Start of MATERIAL PROVIDED

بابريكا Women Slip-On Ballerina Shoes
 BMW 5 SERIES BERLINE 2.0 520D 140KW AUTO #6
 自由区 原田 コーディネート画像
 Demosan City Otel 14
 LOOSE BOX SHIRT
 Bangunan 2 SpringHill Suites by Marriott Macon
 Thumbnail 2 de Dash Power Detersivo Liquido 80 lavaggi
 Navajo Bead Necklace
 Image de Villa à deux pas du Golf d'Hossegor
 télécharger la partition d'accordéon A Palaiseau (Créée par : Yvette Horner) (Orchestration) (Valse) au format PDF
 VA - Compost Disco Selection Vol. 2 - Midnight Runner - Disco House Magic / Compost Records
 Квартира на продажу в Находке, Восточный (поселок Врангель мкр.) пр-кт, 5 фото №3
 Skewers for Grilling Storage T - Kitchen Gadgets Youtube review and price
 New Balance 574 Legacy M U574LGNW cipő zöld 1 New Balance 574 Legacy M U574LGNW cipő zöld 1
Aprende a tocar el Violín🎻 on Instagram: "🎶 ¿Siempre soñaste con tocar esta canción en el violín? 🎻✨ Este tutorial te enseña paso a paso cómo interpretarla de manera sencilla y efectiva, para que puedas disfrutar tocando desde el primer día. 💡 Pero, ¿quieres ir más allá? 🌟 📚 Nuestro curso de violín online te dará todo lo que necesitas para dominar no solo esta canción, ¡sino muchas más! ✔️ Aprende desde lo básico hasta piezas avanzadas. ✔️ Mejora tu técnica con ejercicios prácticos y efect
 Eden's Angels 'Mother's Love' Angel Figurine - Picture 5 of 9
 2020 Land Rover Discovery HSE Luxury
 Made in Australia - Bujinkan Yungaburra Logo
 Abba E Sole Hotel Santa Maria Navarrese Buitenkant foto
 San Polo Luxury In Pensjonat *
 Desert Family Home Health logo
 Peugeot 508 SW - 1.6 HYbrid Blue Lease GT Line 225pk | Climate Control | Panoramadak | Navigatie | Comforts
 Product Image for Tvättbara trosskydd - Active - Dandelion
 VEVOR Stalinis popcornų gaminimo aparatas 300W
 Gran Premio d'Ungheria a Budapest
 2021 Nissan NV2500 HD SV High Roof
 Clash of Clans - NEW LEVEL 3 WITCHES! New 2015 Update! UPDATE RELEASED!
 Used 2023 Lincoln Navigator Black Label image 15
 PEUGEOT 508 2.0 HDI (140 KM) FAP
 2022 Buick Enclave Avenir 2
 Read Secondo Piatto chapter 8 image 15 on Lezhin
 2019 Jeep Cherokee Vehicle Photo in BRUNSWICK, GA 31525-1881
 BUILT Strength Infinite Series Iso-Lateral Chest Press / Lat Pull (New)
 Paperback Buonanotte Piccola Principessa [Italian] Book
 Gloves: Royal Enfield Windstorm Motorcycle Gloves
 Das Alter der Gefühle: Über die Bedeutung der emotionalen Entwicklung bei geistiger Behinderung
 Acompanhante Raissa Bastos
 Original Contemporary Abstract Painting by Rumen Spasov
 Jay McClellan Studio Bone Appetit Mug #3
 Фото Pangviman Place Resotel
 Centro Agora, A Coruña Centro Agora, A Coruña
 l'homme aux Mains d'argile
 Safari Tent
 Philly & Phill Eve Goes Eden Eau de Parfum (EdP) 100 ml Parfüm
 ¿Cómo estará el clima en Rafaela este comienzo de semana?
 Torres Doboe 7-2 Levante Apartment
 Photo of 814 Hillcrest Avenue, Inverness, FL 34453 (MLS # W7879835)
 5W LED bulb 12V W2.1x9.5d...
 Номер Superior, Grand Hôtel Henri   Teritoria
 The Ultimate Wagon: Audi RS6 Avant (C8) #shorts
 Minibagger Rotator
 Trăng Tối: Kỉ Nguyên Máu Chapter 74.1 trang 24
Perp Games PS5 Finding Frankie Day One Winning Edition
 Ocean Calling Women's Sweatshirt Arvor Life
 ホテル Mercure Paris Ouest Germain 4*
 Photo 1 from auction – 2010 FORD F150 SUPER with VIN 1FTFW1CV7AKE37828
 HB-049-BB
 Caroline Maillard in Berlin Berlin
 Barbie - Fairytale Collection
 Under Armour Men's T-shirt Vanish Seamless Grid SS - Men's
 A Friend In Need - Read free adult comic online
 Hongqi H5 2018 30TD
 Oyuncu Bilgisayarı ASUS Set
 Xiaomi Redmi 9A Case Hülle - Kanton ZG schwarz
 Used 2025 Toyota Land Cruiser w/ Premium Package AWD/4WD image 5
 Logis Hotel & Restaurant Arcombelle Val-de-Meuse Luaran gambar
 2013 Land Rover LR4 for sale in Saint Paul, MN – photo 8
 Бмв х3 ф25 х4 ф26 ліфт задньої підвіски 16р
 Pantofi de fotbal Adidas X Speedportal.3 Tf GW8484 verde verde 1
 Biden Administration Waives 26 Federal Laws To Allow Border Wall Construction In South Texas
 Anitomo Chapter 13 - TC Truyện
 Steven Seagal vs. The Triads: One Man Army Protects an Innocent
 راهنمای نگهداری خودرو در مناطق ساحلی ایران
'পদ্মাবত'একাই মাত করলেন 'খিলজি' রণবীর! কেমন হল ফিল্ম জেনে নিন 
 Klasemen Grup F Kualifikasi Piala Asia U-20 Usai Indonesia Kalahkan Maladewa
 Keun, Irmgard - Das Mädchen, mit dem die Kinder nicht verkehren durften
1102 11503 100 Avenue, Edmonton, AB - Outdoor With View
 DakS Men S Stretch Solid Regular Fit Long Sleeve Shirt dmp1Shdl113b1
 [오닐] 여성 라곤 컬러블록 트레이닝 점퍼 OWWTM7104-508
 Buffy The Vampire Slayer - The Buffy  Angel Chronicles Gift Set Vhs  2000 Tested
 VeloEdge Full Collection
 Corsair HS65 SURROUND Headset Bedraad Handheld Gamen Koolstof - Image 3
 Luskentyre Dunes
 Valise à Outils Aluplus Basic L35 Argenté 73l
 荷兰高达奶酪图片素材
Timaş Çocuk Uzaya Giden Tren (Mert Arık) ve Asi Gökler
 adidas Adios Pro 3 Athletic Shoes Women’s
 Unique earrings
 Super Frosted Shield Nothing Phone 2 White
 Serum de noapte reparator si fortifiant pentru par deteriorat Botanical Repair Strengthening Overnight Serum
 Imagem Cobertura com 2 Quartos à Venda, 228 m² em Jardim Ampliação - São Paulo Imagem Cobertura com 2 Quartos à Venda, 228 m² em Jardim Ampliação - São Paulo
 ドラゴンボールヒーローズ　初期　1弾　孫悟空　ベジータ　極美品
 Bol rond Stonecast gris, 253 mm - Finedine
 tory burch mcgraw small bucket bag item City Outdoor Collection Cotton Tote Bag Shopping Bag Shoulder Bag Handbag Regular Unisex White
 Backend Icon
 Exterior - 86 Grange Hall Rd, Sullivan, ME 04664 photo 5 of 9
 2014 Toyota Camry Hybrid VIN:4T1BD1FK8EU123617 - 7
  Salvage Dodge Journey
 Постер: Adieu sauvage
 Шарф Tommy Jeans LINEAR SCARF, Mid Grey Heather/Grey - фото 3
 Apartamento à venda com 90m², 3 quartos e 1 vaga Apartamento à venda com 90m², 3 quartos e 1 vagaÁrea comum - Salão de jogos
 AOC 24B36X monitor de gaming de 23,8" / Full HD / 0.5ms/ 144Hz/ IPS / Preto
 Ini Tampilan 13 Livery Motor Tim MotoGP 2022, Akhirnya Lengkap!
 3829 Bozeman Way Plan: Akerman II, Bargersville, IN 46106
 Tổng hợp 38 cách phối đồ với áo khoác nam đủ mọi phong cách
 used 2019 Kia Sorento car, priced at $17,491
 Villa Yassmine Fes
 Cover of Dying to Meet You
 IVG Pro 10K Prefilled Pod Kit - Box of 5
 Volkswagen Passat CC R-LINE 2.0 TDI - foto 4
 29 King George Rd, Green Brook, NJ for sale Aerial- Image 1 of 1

End of MATERIAL PROVIDED

_THE PROBLEM_
Take the entries above and return only the lines from the one with "Ocean Calling Women's Sweatshirt Arvor Life" to the one with "Xiaomi Redmi 9A", both included, unchanged.

_FINAL ANSWER_
 Ocean Calling Women's Sweatshirt Arvor Life
 ホテル Mercure Paris Ouest Germain 4*
 Photo 1 from auction – 2010 FORD F150 SUPER with VIN 1FTFW1CV7AKE37828
 HB-049-BB
 Caroline Maillard in Berlin Berlin
 Barbie - Fairytale Collection
 Under Armour Men's T-shirt Vanish Seamless Grid SS - Men's
 A Friend In Need - Read free adult comic online
 Hongqi H5 2018 30TD
 Oyuncu Bilgisayarı ASUS Set
 Xiaomi Redmi 9A Case Hülle - Kanton ZG schwarz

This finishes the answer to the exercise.